Monday 1 July 2024

Relentless pestering by the LibDems

In yesterday's post I had a go at the LibDems' irritating electioneering methods in Mid Sussex. I mentioned being bombarded by fliers pushed through my front door. Such as these, almost daily:


I was out today. When I came home there was a handwritten envelope awaiting me. Oh, what could this be? I didn't recognise the writing. I wondered if it could have something to do with my birthday in five days' time, although the envelope clearly didn't contain a birthday card. I carefully slit it open.

Uuuuuuuh. Another LibDem plea for my vote on the 4th July:


It seems to be a letter that the LibDem candidate has (very neatly) written in her own fair hand, to make her election pitch nice and personal. Then it has been mass-reproduced for distribution. I like her being a female candidate, and I like the sentiment expressed in the letter. I do understand that it has to be a facsimile, reproduced perhaps thousands of times for a small army of party helpers to push through front doors, mine included.
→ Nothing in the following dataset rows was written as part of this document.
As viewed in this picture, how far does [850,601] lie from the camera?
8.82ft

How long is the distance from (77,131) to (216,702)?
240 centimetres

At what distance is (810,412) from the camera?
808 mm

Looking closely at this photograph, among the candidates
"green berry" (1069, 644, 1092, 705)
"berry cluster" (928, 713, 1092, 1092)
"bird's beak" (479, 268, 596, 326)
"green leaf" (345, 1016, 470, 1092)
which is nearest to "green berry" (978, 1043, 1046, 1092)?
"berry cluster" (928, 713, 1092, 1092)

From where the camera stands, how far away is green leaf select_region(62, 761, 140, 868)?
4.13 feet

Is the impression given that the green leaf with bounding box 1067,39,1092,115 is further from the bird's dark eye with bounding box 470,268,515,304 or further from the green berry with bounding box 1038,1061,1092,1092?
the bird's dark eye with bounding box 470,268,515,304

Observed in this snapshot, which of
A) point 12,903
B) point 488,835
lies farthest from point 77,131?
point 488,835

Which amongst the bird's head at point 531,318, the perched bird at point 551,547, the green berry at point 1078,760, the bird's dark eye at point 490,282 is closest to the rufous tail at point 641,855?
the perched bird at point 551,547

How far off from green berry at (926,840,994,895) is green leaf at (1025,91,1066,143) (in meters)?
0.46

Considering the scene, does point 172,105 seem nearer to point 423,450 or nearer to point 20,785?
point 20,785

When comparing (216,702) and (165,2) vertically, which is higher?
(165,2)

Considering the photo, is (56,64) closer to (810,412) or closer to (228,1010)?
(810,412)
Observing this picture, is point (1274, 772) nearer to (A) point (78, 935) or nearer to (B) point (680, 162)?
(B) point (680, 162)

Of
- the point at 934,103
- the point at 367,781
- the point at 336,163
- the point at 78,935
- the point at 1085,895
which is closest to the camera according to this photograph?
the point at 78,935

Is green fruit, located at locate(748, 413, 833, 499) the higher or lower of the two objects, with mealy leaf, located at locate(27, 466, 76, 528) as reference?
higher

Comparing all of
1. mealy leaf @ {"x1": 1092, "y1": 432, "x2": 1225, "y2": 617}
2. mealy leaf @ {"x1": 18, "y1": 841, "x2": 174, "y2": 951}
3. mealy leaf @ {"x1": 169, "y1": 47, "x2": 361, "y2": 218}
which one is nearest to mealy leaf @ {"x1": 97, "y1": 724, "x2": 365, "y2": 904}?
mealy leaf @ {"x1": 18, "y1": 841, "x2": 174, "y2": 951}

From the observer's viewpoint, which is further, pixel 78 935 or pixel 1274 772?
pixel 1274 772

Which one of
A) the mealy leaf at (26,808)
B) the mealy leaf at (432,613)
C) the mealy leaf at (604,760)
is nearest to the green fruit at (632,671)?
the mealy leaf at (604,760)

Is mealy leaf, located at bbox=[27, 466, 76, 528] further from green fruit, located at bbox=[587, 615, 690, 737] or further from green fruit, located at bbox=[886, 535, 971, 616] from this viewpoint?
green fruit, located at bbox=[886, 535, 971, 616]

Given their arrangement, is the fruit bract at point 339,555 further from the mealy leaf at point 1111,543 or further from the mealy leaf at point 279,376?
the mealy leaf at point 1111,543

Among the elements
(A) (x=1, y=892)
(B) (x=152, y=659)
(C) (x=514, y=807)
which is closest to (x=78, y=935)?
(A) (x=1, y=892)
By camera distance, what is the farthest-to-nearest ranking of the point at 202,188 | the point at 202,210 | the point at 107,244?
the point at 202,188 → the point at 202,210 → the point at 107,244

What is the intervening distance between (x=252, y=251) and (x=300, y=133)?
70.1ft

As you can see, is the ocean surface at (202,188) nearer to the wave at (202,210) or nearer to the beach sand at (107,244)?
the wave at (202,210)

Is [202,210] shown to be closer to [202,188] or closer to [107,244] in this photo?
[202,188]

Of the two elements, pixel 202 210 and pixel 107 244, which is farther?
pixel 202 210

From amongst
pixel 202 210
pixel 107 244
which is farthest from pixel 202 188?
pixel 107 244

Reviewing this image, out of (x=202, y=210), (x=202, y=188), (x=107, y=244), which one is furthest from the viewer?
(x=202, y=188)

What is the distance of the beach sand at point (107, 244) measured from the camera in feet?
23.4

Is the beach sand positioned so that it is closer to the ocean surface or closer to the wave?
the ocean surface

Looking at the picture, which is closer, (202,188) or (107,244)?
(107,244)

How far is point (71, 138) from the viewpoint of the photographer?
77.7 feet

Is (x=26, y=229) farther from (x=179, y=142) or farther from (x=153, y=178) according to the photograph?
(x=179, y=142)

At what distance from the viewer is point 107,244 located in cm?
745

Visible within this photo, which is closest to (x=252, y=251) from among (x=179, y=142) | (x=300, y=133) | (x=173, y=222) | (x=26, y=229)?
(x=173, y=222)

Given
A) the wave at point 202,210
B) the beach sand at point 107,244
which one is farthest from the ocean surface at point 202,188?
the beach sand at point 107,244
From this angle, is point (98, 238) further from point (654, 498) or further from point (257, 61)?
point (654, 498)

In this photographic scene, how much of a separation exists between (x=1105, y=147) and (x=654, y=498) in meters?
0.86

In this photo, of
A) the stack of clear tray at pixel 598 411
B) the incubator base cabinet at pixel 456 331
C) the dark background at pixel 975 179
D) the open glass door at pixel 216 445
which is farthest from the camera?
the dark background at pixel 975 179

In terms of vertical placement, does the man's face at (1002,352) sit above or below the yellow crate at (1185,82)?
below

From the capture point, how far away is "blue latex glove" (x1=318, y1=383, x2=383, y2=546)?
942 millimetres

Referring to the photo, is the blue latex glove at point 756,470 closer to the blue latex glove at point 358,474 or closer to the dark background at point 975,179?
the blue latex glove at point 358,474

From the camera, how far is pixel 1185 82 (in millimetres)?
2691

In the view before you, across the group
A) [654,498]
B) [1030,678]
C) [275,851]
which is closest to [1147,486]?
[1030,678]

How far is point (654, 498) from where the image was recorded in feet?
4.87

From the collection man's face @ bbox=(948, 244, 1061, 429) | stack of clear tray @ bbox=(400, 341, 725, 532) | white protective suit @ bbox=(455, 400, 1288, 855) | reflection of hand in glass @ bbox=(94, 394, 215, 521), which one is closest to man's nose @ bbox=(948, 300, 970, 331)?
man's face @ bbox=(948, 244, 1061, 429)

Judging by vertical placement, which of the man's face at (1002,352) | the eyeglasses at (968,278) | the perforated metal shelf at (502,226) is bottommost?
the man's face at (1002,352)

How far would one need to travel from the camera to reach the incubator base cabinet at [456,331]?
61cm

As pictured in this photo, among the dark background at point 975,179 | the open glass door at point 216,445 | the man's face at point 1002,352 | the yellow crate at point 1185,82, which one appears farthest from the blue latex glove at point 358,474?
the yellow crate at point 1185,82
I am impressed that the envelope was legibly handwritten, though not of course by the candidate. 

Were this the only personal approach, I would rather warm to this lady. But as it is, coming after a positive welter of pamphlets and fliers, it feels like yet another unwelcome communication. This time, trying something different to secure my X in the right place on the ballot paper. 

I have a notion that I am one of those who are being targeted for their vote, and that quite possibly a LibDem activist - or even the candidate herself - may press my front door bell sometime in the next three days, no doubt at a thoroughly inconvenient moment. 

And if I delay voting on the 4th July, someone from the LibDems may chase me up, and offer me a lift to the polling station in case old-age infirmity is keeping me away. As the LibDem candidate believes it will be a close-run race in Mid Sussex, this is a real possibility. 

I will therefore be queueing up to vote super-early, when the polling station opens at 7.00am, and hopefully be in and out before the LibDem party agent turns up to ask me who I am, and how I have voted. (I'm not telling) 

How glad I am that I don't use any kind of social media! I have little doubt that mass-messaging and mass-polling have been going on there. But I haven't escaped being phoned. Yesterday I mentioned three phone calls from a central London number that I ignored then finally responded to, only to hear a recorded message, to wit, that they were made on behalf of the LibDems, and that I'd be phoned again shortly. Greatly annoyed, I blocked that number. Would you believe it, they have since tried five times to get through to me - unsuccessfully, of course:


My Samsung phone thinks these are spam calls. Absolutely right. I expect further attempts to contact me, up to and including 4th July. Is it a bot, or a real person, trying to speak to me? I hate to think that some poor person on minimum wages and a gig contract has to spend their time phoning a long, long list of numbers, with a spiel or questionnaire ready if the target victim answers. 

The other parties have not, to their credit, pestered me like this. The Labour candidate has simply sent me three leaflets:


He looks like a reasonable guy. However, the centre leaflet describes him as a 'blur drummer'. What's that? A drummer who drums so fast that his hands and sticks are a blur? Or did he drum for Blur, that Britpop band of the 1990s? Let me consult Wikipedia...aha! He was indeed, and still is, the Blur drummer. Not that this is a recommendation. I'm noise-sensitive.

The Reform Party have sent me only one leaflet:


I can't complain about just one leaflet. Reform seem to be doing well hereabouts. I hear that the men of the village are all going to vote for them - or at least the men of the village who discuss the matter over a few pints down at the pub. I can't take Reform seriously. It's a one-person party (i.e. Nigel Farage) with a few headline policies that appeal to the xenophobic and bigoted. Their 'Let's make Britain Great' slogan is horribly reminiscent of Donald Trump's crowd-rousing 'Let's make America great again!'. National greatness - national pride - is so nineteenth-century. It's 2024, the world is heating up, and combined, united, supranational action is urgent. If countries don't stop vying to be top dog there will soon be nothing 'great' to aspire to.  

Who hasn't sent me any leaflets at all? The Conservative Party. The one that will deservedly be thrashed at this election, though I say that with sadness. But at least they have been decently quiet.